Die Resolution wird unter anderem von Faschisten unterstützt, so der spanischen Partei Vox, den Brüdern Italiens und HSP-AS aus Kroatien sowie von der spanischen Volkspartei (PP), der Fraktion der Europäischen Konservativen und Reformer und dem liberalen Bündnis Renew Europe, dem auch die deutsche FDP angehört. Sie berufe sich auf das vor kurzem auch vom EU-Parlament verabschiedete »EU-Magnitsky-Gesetz«, berichtete das von der US-Regierung jährlich mit rund 30 Millionen US-Dollar finanzierte Onlineportal. Im Juli war das Strasbourger Gremium dem Europäischen Rat gefolgt, der eine »Globale Sanktionsregelung im Bereich der Menschenrechte« bereits im Dezember 2020 nach dem Vorbild der in den USA geltenden gleichlautenden Rechtsnorm in Kraft gesetzt hatte. Mit dem »Magnitsky Act« habe Washington bereits Minister und Institutionen in Kuba mit Sanktionen belegen können, erläuterte Martí Noticias.

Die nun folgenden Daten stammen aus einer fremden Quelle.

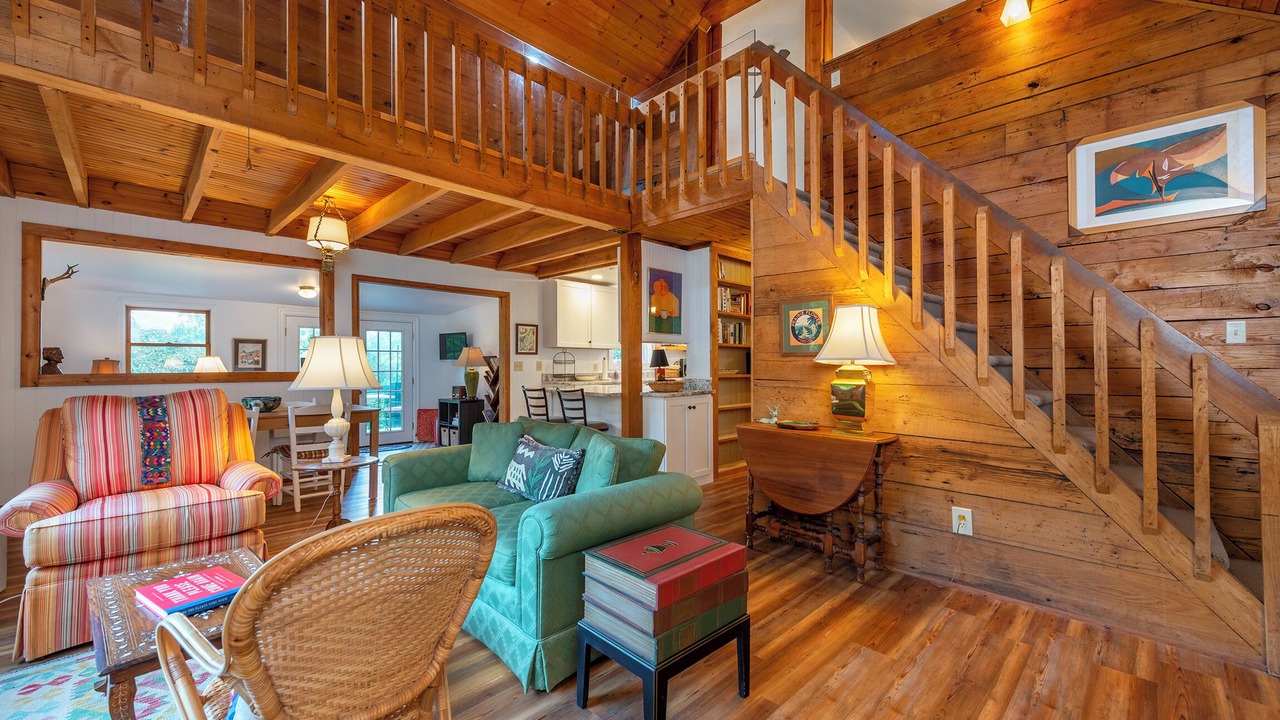 Photo of Livingroom in Burnsville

Der neue Vorstoß der Rechten folgt einem am 10. Juni vom EU-Parlament mit 386 gegen 236 Stimmen und 59 Enthaltungen verabschiedeten »Entschließungsantrag zu den Menschenrechten und der politischen Lage in Kuba«, der unter anderem auf den Abbruch des Dialogs zwischen Havanna und Brüssel zielte. Kubas Parlament, die Nationalversammlung der Volksmacht (ANPP), verurteilte die jüngste EU-Debatte als »politisch motiviertes« Manöver. »Derselben kleinen Gruppe von EU-Abgeordneten, die sich der Agenda Washingtons verpflichtet fühlt und bereits eine ähnlichen Versuch inszeniert hat, ist es gelungen, am 16. September eine neue Debatte über Kuba durchzusetzen, die das Europäische Parlament erneut zur traurigen Geisel einer aggressiven Eskalation macht, die den wirklichen europäischen Interessen und dem Geist des respektvollen Dialogs, der in den Beziehungen zwischen Kuba und der Europäischen Union vorherrscht, zuwiderläuft«, erklärte der ANPP-Ausschuss für internationale Beziehungen am Montag. Die Befürworter dieses neuen Manövers hätten jedoch »keine moralische Berechtigung, sich als Verteidiger der Rechte des kubanischen Volkes auszugeben«, heißt es in dem Text. Die Doppelmoral und die von den Initiatoren verbreiteten Lügen sollten »für die Bürger und die Institutionen der Europäischen Union statt dessen Anlass zur Sorge sein«.
Nur Vorwände
Während Medien und Politiker der EU über die staatliche Repression in Ländern wie Honduras, Ecuador, Chile und insbesondere Kolumbien schweigen würden, die »bis heute dazu geführt hat, dass Hunderte Menschen von der Polizei getötet und weitere Hunderte schwer verstümmelt wurden«, werde Kuba erneut mit falschen Anschuldigungen an den Pranger gestellt, kritisierten am Mittwoch auch 54 im spanischen Movimiento Estatal de Solidaridad con Cuba (MESC) zusammengeschlossene Organisationen. Aber »kein einziger Mensch ist auf der Revolutionsinsel ›verschwunden‹, gefoltert oder außergerichtlich hingerichtet worden, auch wenn man mit der Lupe nach ihnen sucht«, heißt es in der Erklärung. »Es ist klar, dass der neue Angriff auf Kuba nichts mit der Verteidigung der Menschenrechte, dem Schutz der Kubaner vor nicht vorhandener politischer Unterdrückung oder dem freien Zugang zum Internet zu tun hat. Ziel ist es, die öffentliche Meinung in der Welt so zu manipulieren, dass sie sich, verängstigt durch konterrevolutionäre Propaganda, zugunsten einer ausländischen Intervention wendet, deren Endziel die neokoloniale Restauration Kubas ist«, warnt das MESC.